- PROVIDED RECORDS -
——
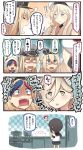  4koma 5girls =_= ? aqua_eyes beret bismarck_(kantai_collection) black_hair black_skirt blonde_hair blue_hair check_commentary comic commandant_teste_(kantai_collection) commentary_request crown eating emphasis_lines food fork french fubuki_(kantai_collection) hair_between_eyes hat highres holding holding_food holding_fork ido_(teketeke) kantai_collection long_hair mini_crown mole mole_under_eye mole_under_mouth motion_lines multicolored_hair multiple_girls open_mouth parody peaked_cap pleated_skirt pom_pom_(clothes) potato redhead remodel_(kantai_collection) revision richelieu_(kantai_collection) school_uniform serafuku shaded_face shibafu_(glock23)_(style) short_hair short_ponytail short_sleeves skirt speech_bubble streaked_hair style_parody surprised sweat translated warspite_(kantai_collection) white_hair yellow_eyes 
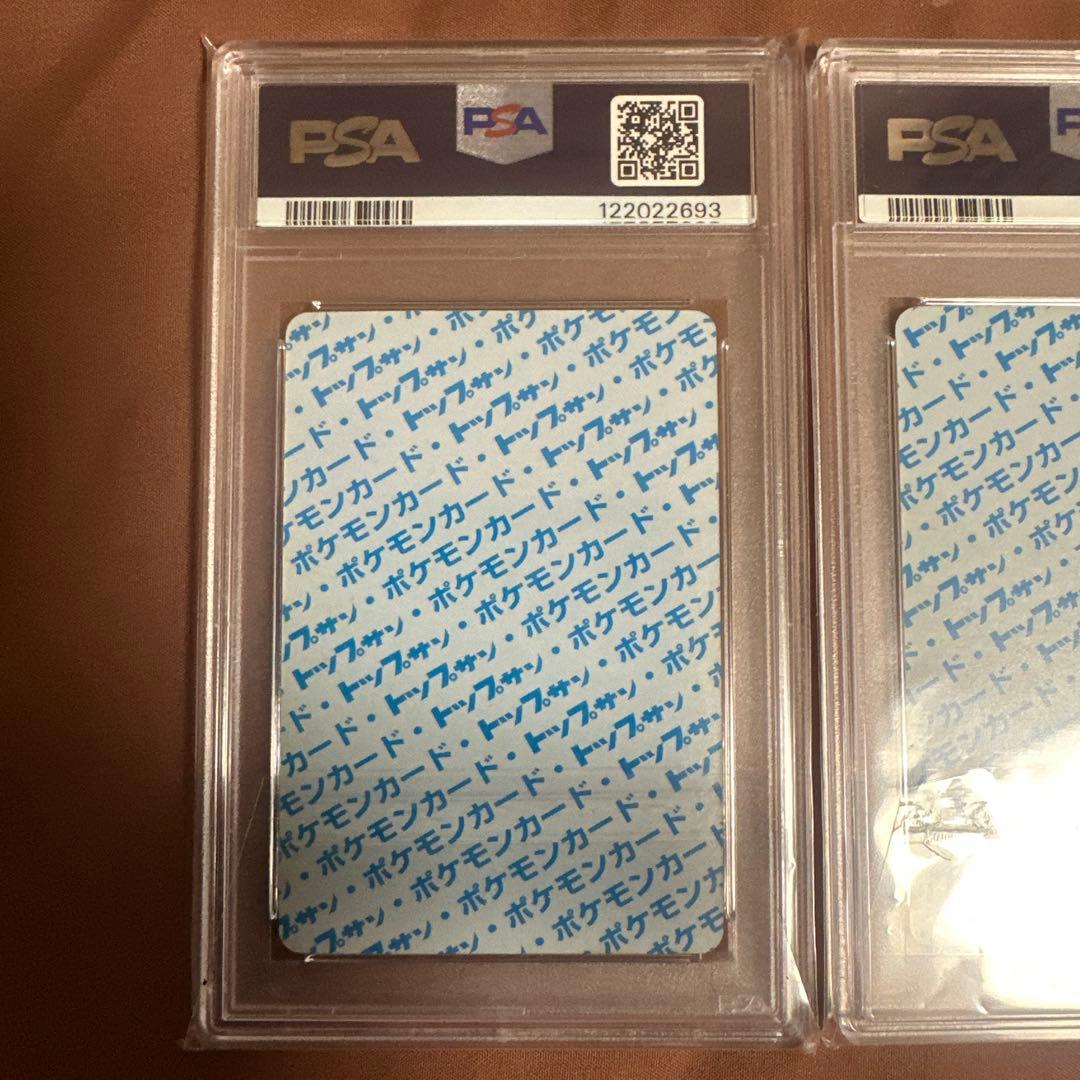 PSA8 【連番 】 ドククラゲ　カモネギ　青裏 トップサン ポケモンカード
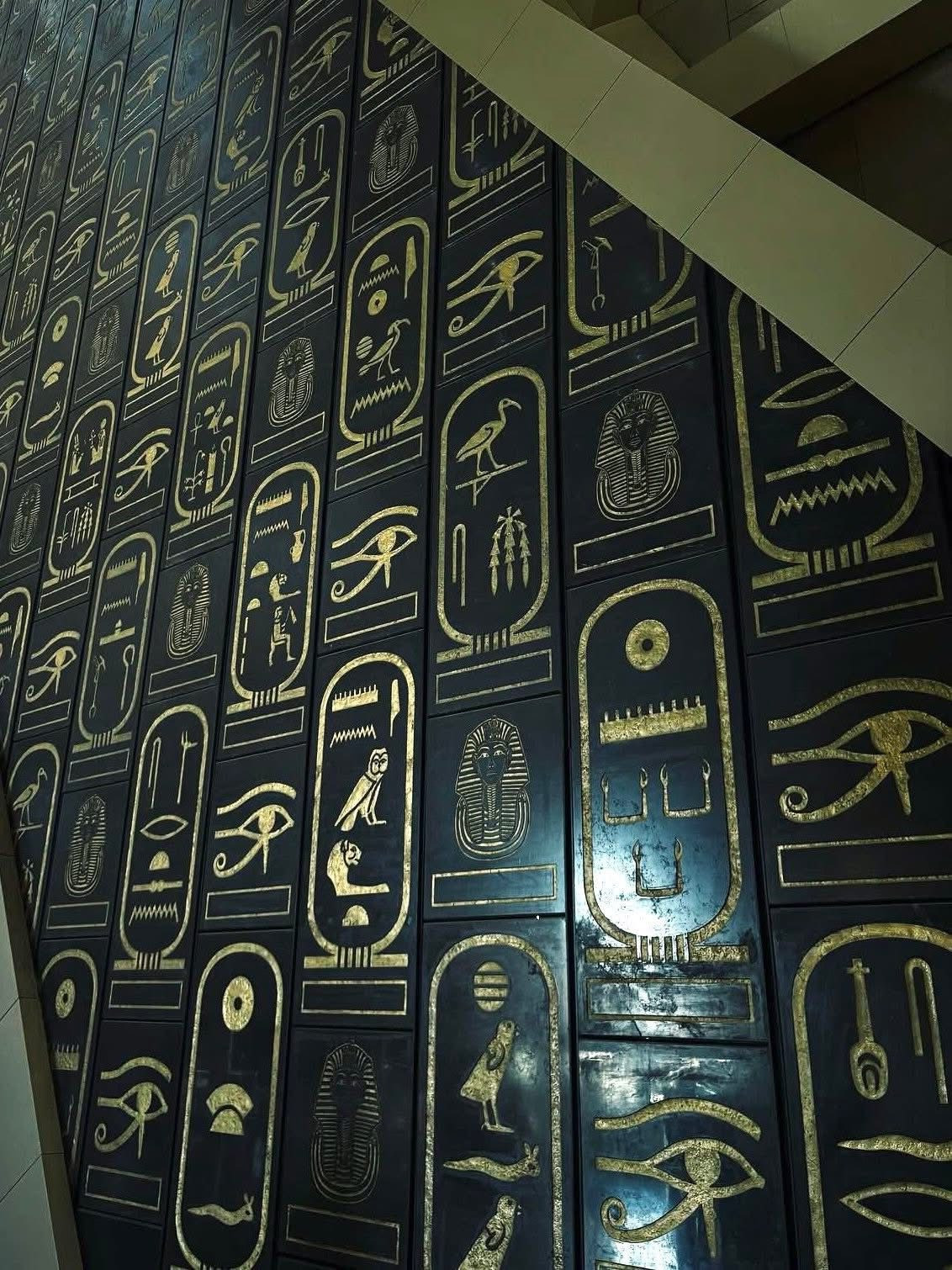 المتحف المصري الكبير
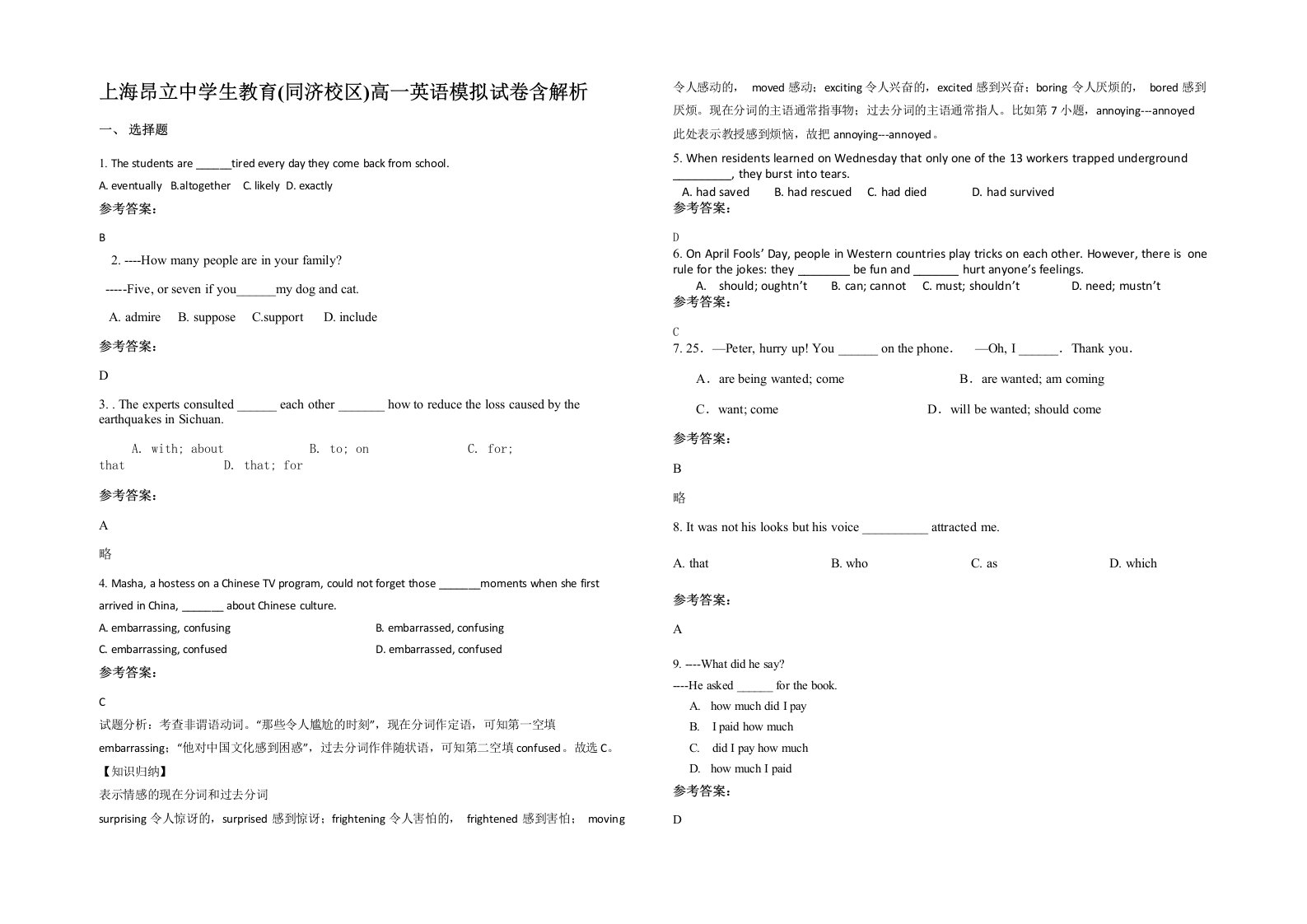 上海昂立中学生教育同济校区高一英语模拟试卷含解析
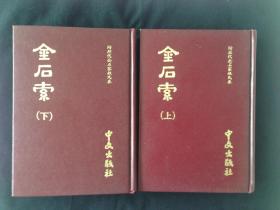 金石索   附历代金石家姓氏表（上下册全 ） 日本中文出版社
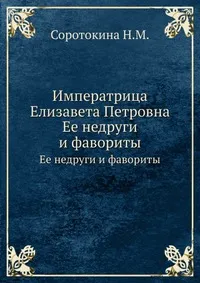Обложка книги Императрица Елизавета Петровна, Соротокина Нина Матвеевна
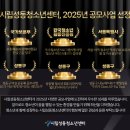 시립성동청소년센터
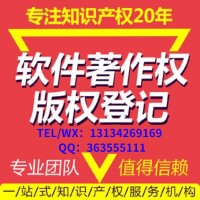 商丘軟件著作權登記、計算機軟件著作權登記的必要性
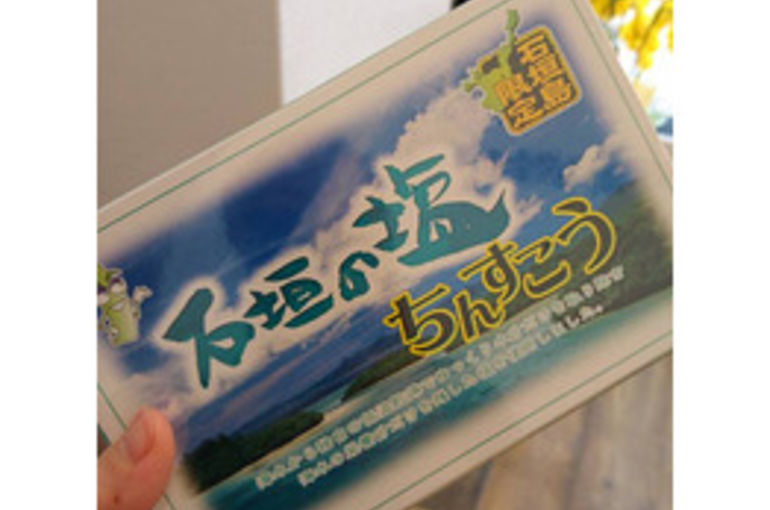 石垣島ちんすこうのお土産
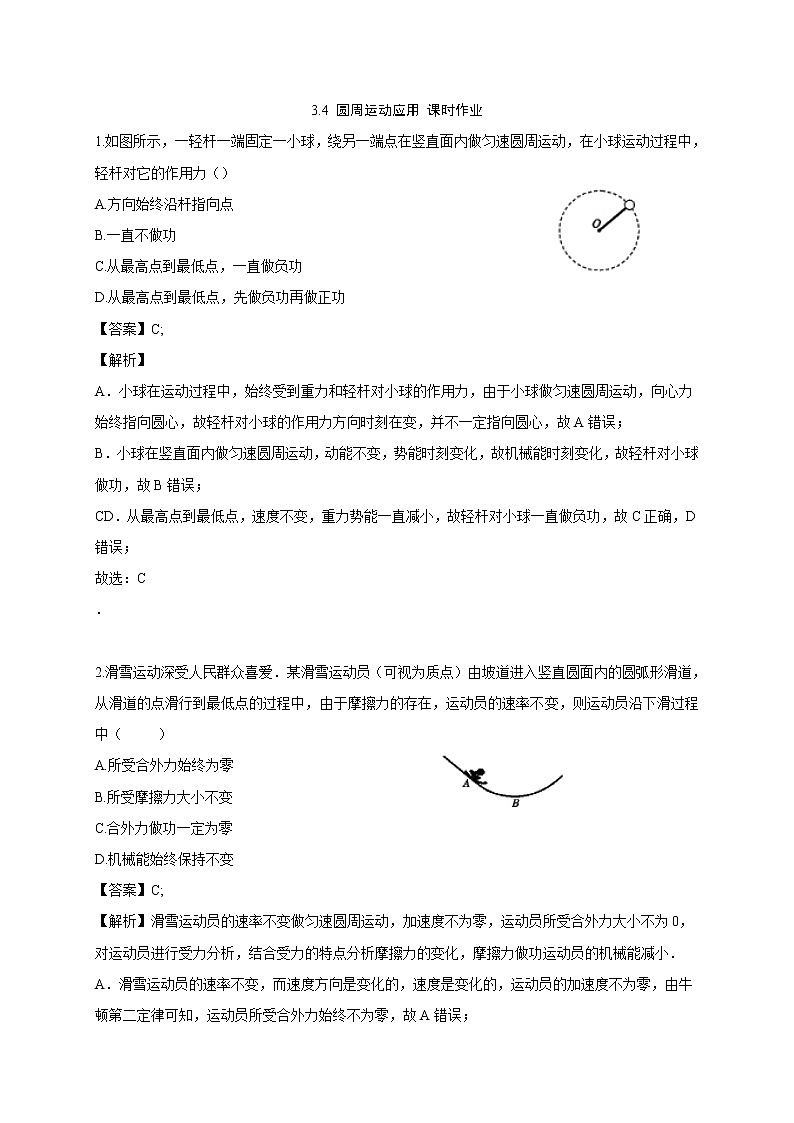 第3章 圆周运动应用—鲁科版（2019）高中物理必修第二册练习01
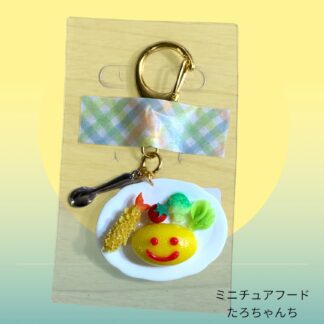 たろちゃんち  24  キーホルダー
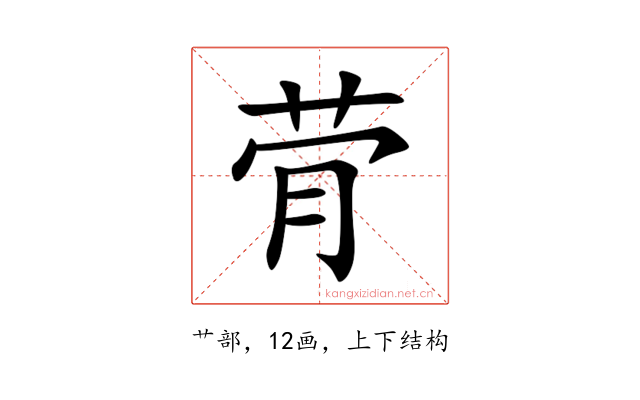 䒿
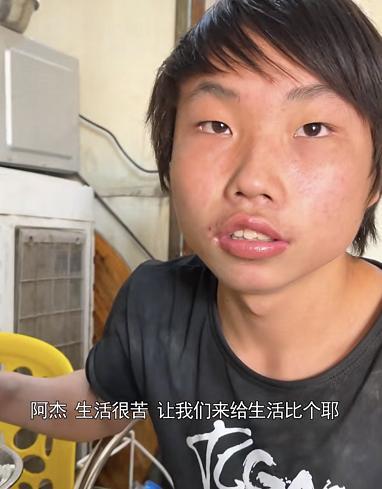 网红杰小杰,网络红人的崛起与影响力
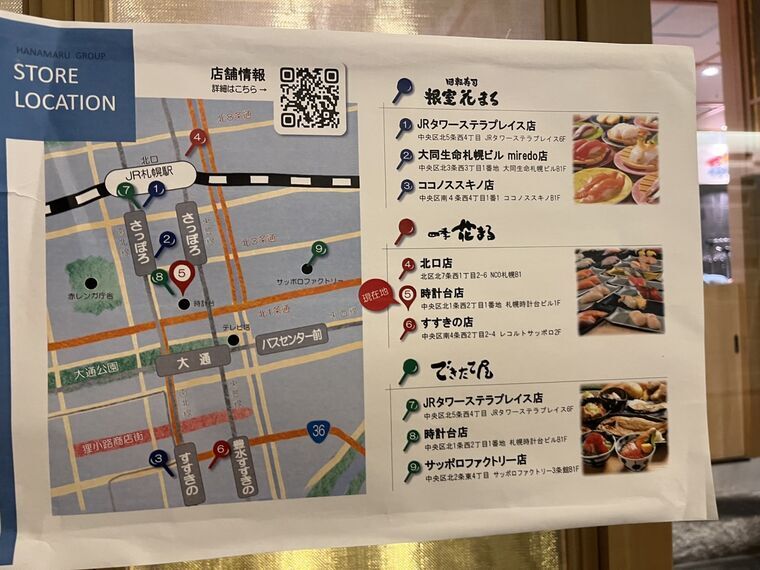 花まるグループ全店マップ(根室花まるJRタワー/miredo/ココノススキノ、四季花まる北口/時計台/すすきの、できたて屋)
——
From the line containing "石垣島ちんすこうのお土産" down to the final line of the material, restate every line word for word, and only those; drop the pictures.

- OUTPUT OF THE EXERCISE -
 石垣島ちんすこうのお土産
 第3章 圆周运动应用—鲁科版（2019）高中物理必修第二册练习01
 たろちゃんち  24  キーホルダー
 䒿
 网红杰小杰,网络红人的崛起与影响力
 花まるグループ全店マップ(根室花まるJRタワー/miredo/ココノススキノ、四季花まる北口/時計台/すすきの、できたて屋)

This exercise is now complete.